Module 6: Backup, Recovery, and Disaster Preparedness

  • Registering and managing snapshot repositories with access controls and encryption at rest.
  • Scheduling regular snapshots aligned with RPO requirements and verifying snapshot integrity.
  • Testing full cluster recovery in isolated environments to validate RTO and dependency resolution.
  • Handling partial restores of indices or aliases during incident response without disrupting live operations.
  • Documenting recovery runbooks with step-by-step procedures for node, index, and cluster-level failures.
  • Coordinating cross-cluster replication for business-critical indices with lag monitoring and conflict resolution.

Module 7: Performance Tuning and Query Optimization

  • Identifying slow queries using the search slow log and optimizing with appropriate filters or aggregations.
  • Designing custom analyzers and disabling unnecessary full-text fields to reduce indexing overhead.
  • Using doc_values and keyword fields for aggregations instead of text fields to improve performance.
  • Adjusting refresh intervals for high-throughput indices during batch ingestion windows.
  • Scaling coordinating nodes independently to absorb client request bursts without affecting data nodes.
  • Profiling query execution with the Profile API to diagnose costly boolean queries or nested operations.

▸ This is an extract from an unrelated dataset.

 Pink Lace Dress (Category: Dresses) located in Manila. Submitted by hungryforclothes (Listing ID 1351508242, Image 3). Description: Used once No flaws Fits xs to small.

Module 8: Integration with Enterprise Tooling and Change Governance

  • Embedding Kibana dashboards into SIEM or ITSM platforms using iframe restrictions and token-based access.
  • Automating index template deployment via Terraform or Ansible with change tracking in version control.
  • Enforcing peer review and approval workflows for changes to ingest pipelines or cluster settings.
  • Integrating with centralized logging standards (e.g., RFC5424, CEF) for cross-platform correlation.
  • Managing Kibana space permissions and saved object ownership to prevent configuration drift.
  • Aligning ELK change windows with enterprise CAB processes and change freeze periods.